Ainda que a vida nos esgotos tenha sido lucrativa para alguns caçadores mais experientes, é bom lembrar que ela também era extremamente perigosa. Havia, por exemplo, comportas que geravam marés baixas e que acarretavam em ondas que podiam atingir ou até mesmo afogar os mais desavisados.
Além disso, os toshers mais corajosos, que tentavam a sorte se aventurando em locais mais profundos, podiam acabar se perdendo por lá e acabavam morrendo afogados imersos em detritos e fezes. Como se não fosse o bastante, havia também o problema dos ratos e dos gases explosivos de sulfeto de hidrogênio.
Duas vezes ao dia, as comportas eram abertas para deixar que a água fluísse pelos túneis. Com isso, alguns desafortunados acabavam se afogando nos esgotos. Quem sobrevivia ainda tinha que ficar esperto com as possíveis mordidas dos roedores. Uma única mordida podia resultar em uma morte mais terrível do que afogamento por dejetos humanos.
Com tanta doença, ratos, vegetais podres, carcaças de animais, fezes e infinitas outras coisas que podem ser encontradas em um esgoto, por que os homens se arriscavam em explorar o local? Estranhamente, o serviço de caçador de esgotos até que rendia bem.
Por dia, um explorador conseguia ganhar até 6 xelins (moeda adotada na Grã-Bretanha da época e em algumas de suas colônias). Na Era Vitoriana, esse era um valor que compensava todos os banhos com ratos, cheiros desagradáveis e o constante medo de possíveis afogamentos.
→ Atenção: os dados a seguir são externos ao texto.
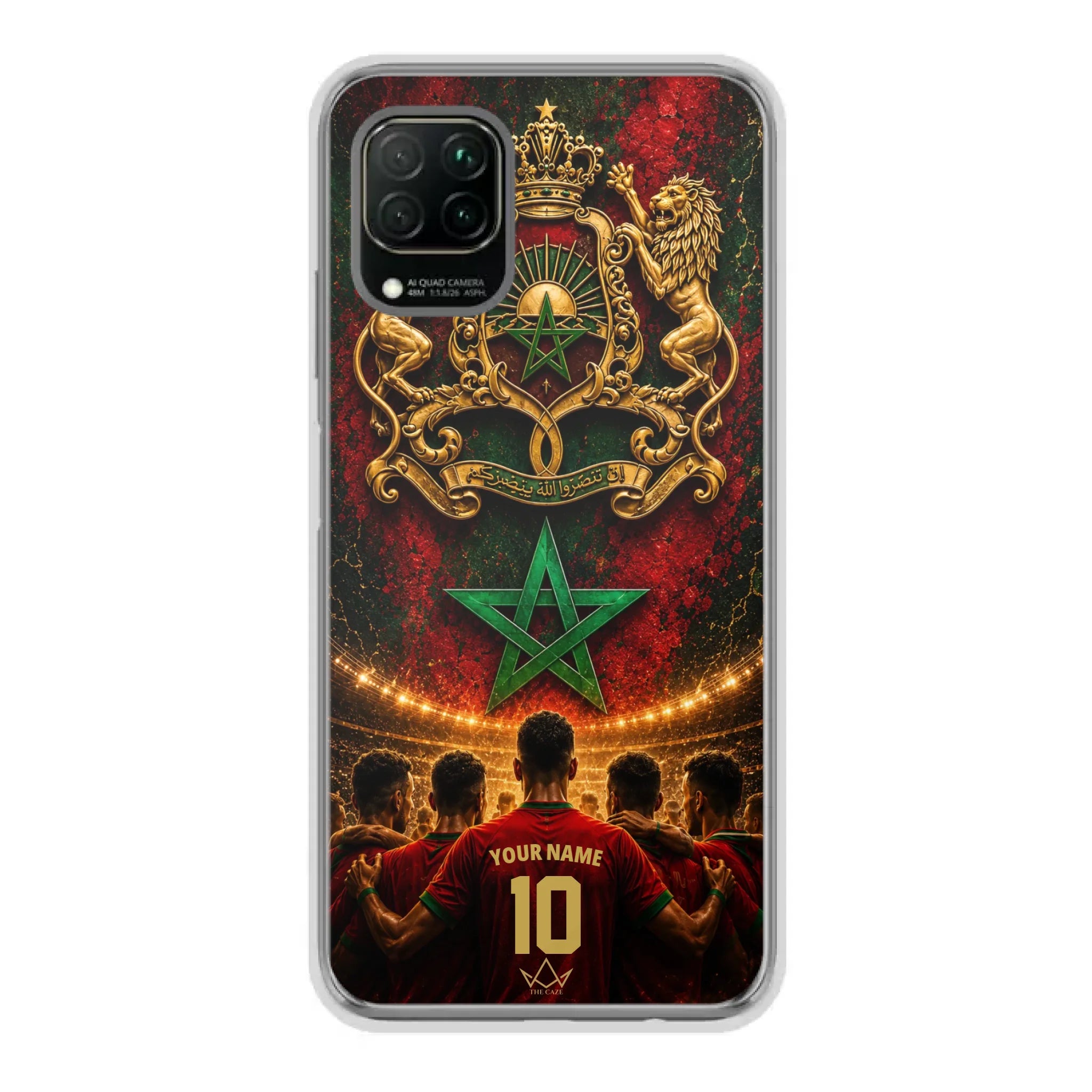 Custom World Cup football phone case Diaspora Pride- Morocco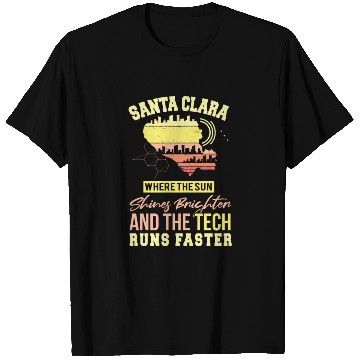 Discover Santa Clara San Francisco United States Design T Shirts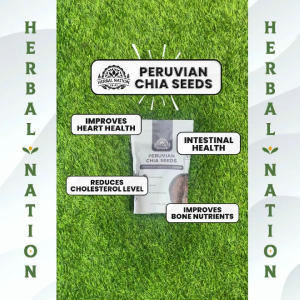 Herbal Nation Peruvian Chia Seeds – High Fiber Superfood 500g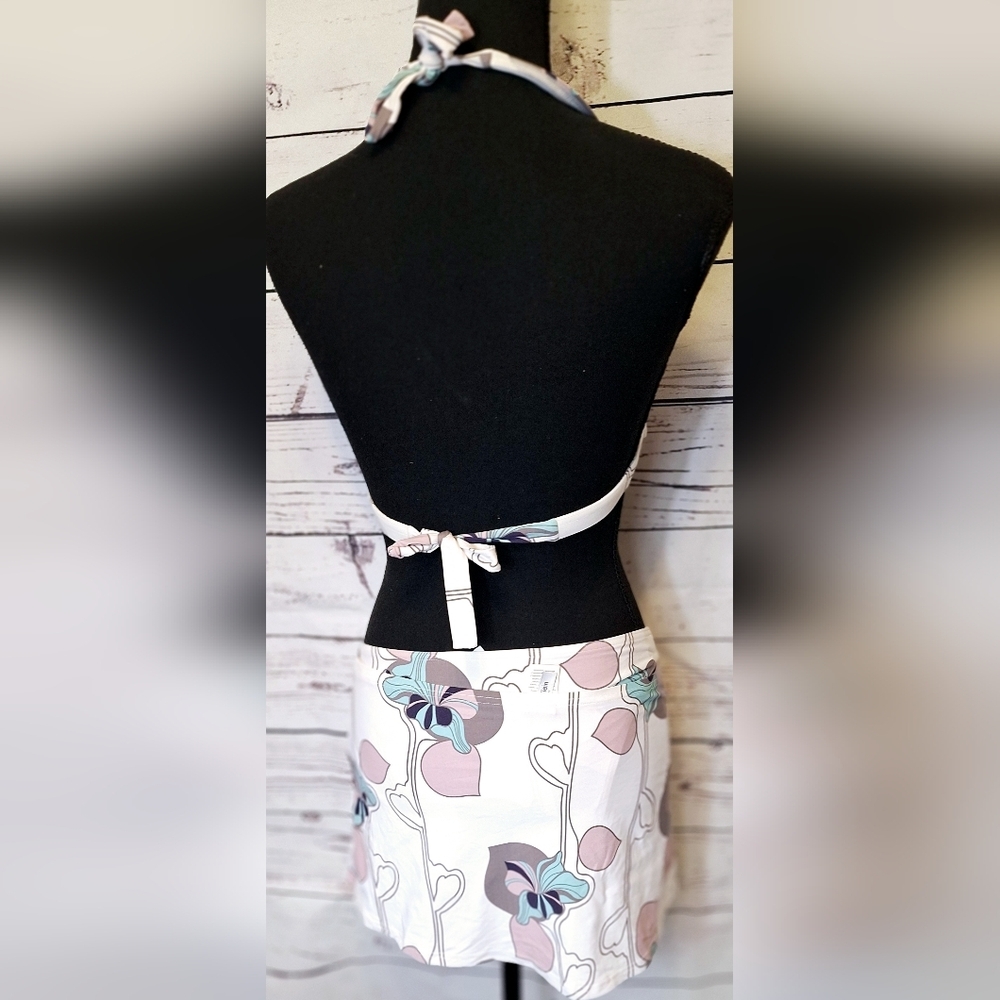 #1539 Calvin Klein 3 Pc Floral Swim set Sz S/M - Picture 3 of 9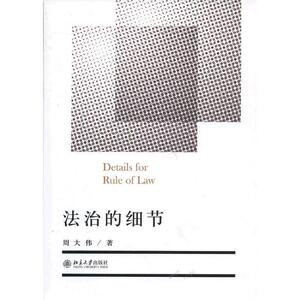 法治的细节周大伟北京大学9787301218129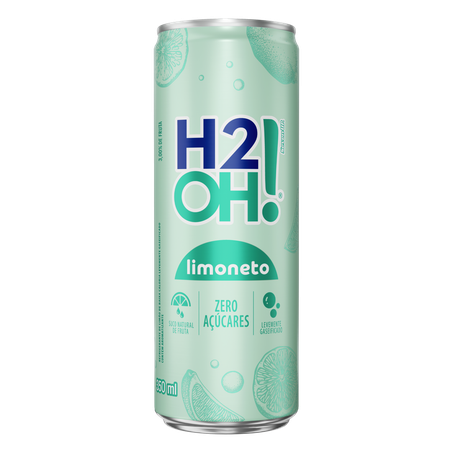Refrigerante H2OH Limoneto Lata Sleek 350ml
Uma lenda foi perpetuada pela família do tosher Jerry Sweetly, que morreu em 1890, e publicada mais de um século depois. Segundo a história, o homem encontrou a Rainha dos Ratos em um pub. Eles beberam até a meia-noite, dançaram e então “a garota o levou para uma casa abandonada para fazer amor.”
Ao levar uma mordida forte no pescoço (a rainha costumava fazer isso com seus amantes, para que assim nenhum outro rato pudesse machucá-los), Sweetly atacou a garota. Ela sumiu e reapareceu com uma gigantesca ratazana. Então ela disse: “Você terá sua sorte, tosher, mas ainda não me pagou por ela!”
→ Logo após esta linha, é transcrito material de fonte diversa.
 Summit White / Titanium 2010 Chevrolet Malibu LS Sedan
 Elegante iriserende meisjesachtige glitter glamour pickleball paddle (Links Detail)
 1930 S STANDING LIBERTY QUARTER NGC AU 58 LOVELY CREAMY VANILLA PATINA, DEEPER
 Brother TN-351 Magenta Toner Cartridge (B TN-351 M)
Ofendida, a rainha dos ratos lançou uma maldição que atingiu toda a família do tosher. Sua primeira esposa morreu ao dar à luz e a segunda faleceu no rio ao ser esmagada entre uma barca e o cais. Mas, conforme o prometido, todas as crianças de Sweetly foram sortudas. Entretanto, ao menos uma vez em cada geração da família, uma garota nascia com olhos de cores diferentes – um azul e outro cinza, representando as cores dos rios.
Em outras lendas, os toshers também acreditavam que os esgotos eram infestados por porcos selvagens que habitavam os esgotos abaixo de Hampstead, Londres, no lado mais ao norte da cidade. Essa é uma das narrativas percussoras dos supostos jacarés que habitam os esgotos dos contos de Nova York.
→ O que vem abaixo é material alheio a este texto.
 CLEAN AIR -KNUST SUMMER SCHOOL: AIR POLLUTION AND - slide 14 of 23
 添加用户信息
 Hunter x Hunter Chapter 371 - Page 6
Se você pensa que os toshers se aposentaram definitivamente, está muito enganado. A cidade de Dhaka, em Bangladesh, possui um famoso bazar de ouro, no qual diversas ruas abrigam fábricas e lojas que vendem o material. Todos os dias, antes das lojas abrirem, os faxineiros varrem as lojas empurrando sujeira, entulhos e, ocasionalmente, algumas lascas de ouro para dentro dos esgotos.
Dessa forma, os caçadores armam-se com panelas e mergulham nos escombros em busca de algumas peças perdidas. Em um dia bom, um caçador de Dhaka consegue ganhar cerca de US$ 12 (aproximadamente R$ 26).